According to JLL research, 42 percent of the global space market is controlled by just three companies. IWG has more than 3,000 centres under the banners of Regus, Spaces and four other subsidiaries. WeWork, recently valued at $20 billion, has 171 spaces in 21 countries. And Australian company Servcorp has sold serviced office space since 1978.
The estimated 7,600 flexible space operators worldwide highlights the fragmented nature of the industry.
But JLL forecasts a “flexible space revolution”, which will reduce vacancy rates while bringing down the space requirement per person from 18 sqm today to 14 sqm.
JLL thinks coworking will overtake the traditional serviced office model by 2020 as more and more corporates jump on board.
“Corporates are increasingly turning to flexible and optimally-serviced workspaces. And it’s easy to see why, as shared spaces offer no fixed capital investment, can enhance collaboration and innovation, and are more flexible,” says JLL’s Victoria office leasing director Natarsha Logan.
“But coworking is just one part of the model, which is really about responding to the customers’ need for flexibility,” Logan adds.
“Though it is not always easy to categorise flexible space business models, our research shows we now have more coworking providers than serviced office providers in Melbourne’s CBD and fringe markets.
“Many of Melbourne’s serviced office providers are well established and have multiple locations and still account for approximately 52 per cent of all flexible space. Coworking providers are a rapidly growing sub-sector of the flexible space market,” Logan adds.
David Cannington, Investa’s head of research and strategy, has been “teasing out the depth of demand” for coworking. And his conclusion is clear. “It’s not a one-size-fits-all market.”
A variety of offerings are available to meet every market – from the standard model loved by start-ups and small businesses, to executive business lounges for the top end of town, and from digital dens for code cutters to university campus style spaces where socialising is central.
Cannington says the biggest opportunity for building owners is to see coworking as a strategy to help tenants manage overflow space.
“An institutional business needing to expand its team for a short-term project doesn’t want to take on a long-term lease. But they don’t need one desk – they need a whole floor. The coworking model can meet that need,” he says.
Interior architect Kyrstyan Mcleod, a senior associate with HASSELL, says there are several key ingredients to a productive coworking space.
The first is unique, centralised buildings close to public transport and amenities. Coworkers are looking for “high ceilings, ample natural light and airflow – essentially a space with unique qualities inherent in the architecture, something that you wouldn’t ordinarily experience if you were working in a traditional corporate-style office,” she says.
Connectivity is also central, Mcleod says.
“Well-designed coworking spaces create opportunities for serendipitous encounters, or the bump factor, that encourages the transfer of knowledge, creativity and cross-collaboration between members.”

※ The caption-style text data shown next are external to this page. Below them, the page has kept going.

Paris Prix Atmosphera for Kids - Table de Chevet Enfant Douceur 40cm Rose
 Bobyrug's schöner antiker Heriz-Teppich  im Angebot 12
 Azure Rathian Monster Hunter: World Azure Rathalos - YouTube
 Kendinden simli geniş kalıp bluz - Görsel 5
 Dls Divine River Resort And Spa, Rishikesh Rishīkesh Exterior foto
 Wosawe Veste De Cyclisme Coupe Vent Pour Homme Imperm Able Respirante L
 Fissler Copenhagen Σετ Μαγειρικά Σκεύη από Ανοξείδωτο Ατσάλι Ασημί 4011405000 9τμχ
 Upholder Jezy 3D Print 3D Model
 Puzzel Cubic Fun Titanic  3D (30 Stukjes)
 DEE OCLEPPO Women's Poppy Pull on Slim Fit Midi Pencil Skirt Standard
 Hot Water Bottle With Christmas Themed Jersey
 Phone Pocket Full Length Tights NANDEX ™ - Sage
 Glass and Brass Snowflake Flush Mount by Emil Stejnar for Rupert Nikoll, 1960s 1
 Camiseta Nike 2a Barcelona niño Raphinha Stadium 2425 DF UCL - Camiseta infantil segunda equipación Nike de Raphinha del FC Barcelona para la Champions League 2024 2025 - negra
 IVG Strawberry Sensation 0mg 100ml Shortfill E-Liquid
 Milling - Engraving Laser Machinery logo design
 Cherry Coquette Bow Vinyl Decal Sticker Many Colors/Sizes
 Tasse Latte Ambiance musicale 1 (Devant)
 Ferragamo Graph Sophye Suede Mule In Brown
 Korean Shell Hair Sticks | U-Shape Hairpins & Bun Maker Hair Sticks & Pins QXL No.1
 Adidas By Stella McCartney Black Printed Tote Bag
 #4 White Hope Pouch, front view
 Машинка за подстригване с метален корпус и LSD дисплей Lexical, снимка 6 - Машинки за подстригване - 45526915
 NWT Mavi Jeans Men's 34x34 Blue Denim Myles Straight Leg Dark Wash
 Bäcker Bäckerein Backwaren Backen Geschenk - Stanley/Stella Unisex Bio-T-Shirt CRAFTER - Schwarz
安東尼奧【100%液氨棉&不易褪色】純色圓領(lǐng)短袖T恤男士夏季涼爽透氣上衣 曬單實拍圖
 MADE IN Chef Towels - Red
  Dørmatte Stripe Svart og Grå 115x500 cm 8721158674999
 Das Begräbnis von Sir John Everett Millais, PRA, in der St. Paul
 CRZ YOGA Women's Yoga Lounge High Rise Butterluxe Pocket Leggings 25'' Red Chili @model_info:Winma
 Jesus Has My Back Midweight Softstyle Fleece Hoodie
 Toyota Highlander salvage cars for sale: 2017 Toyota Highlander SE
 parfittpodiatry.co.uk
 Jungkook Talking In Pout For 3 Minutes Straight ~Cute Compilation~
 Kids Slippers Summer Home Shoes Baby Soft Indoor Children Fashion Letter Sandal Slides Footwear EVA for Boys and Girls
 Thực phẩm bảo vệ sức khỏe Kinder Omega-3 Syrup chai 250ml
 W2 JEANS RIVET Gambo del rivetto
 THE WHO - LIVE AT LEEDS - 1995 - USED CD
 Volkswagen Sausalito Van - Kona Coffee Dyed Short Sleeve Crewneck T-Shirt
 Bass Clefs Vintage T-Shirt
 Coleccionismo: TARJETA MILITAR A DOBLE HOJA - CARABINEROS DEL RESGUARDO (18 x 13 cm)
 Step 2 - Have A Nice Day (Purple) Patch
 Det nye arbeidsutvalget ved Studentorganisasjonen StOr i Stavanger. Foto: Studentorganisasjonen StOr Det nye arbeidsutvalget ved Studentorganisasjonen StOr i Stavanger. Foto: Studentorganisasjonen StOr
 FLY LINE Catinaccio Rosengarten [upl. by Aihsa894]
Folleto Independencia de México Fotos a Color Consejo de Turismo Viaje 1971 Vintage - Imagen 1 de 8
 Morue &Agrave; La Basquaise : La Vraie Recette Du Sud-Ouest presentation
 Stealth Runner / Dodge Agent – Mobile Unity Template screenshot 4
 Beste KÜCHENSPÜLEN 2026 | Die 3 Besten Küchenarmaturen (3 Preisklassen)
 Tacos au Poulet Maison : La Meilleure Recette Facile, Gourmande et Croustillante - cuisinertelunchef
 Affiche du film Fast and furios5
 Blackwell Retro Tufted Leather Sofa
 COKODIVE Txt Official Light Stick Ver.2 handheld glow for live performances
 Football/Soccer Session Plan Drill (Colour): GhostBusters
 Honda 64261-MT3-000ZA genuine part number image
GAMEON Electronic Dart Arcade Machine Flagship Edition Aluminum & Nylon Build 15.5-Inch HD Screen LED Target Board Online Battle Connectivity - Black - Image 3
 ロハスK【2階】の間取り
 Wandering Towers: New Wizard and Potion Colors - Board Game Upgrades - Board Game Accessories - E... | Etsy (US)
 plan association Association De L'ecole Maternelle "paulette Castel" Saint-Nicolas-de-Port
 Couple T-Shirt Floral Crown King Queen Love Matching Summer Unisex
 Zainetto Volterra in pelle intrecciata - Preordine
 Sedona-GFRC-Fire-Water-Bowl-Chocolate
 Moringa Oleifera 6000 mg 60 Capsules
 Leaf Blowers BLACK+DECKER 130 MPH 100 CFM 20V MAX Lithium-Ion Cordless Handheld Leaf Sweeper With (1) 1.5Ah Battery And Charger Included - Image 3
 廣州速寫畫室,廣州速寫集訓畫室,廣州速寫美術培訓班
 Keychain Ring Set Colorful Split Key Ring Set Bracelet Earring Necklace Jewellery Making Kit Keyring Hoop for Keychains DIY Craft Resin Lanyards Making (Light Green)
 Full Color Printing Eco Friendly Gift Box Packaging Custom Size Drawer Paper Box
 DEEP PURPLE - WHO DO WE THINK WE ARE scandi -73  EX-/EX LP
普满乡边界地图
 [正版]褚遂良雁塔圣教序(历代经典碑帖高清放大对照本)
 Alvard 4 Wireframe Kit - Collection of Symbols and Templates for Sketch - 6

A “welcoming host” who facilitates this collaboration through networking and social activities is fundamental to a successful coworking environment, Mcleod adds. This is about carefully curating the space and the members to maintain the right balance of diverse businesses.
Melbourne leads the coworking market
According to the most recent research from Knight Frank, the number of coworking spaces in Australia grew by 297 per cent between 2013 and 2017, to 309. More than 193,000 sqm of coworking space is now on offer in six cities – which is equivalent to 0.6 per cent of the nation’s office stock.
Melbourne has the largest concentration of coworking spaces with 49 per cent of space, followed by Sydney (38%), Adelaide (5%), Perth and Brisbane (4% each), and Canberra (0.3%).
Cannington says Melbourne now has around 180 operators in the city. “Coworking accounts for just one per cent of Melbourne’s total office stock, so it’s a small, although rapidly growing, footprint,” he says.
Just 25 per cent of Melbourne’s coworking is in the CBD, Cannington adds. Forty per cent is concentrated in the city fringe. “A lot of creative and specialist business services are looking for space, but not necessarily in the CBD,” he says.
Cannington says both structural and cyclical factors are driving the coworking trend.
“It’s partly about demographics. Millennials like flexibility and spaces to collaborate. And their lifestyles are more integrated with their working life, so they have different expectations of an office environment.”
There are cyclical factors at play as well.
“Unquestionably we can expect further growth, because the key driver for the Melbourne coworking market are property and specialist business services, such as engineers, architects and management consultants which make up a third of the office-based workforce. This sector of the economy has added around 40,000 jobs to the Melbourne workforce in the last year.”
While economic growth may be a boon for coworking, downturns aren’t bad news either.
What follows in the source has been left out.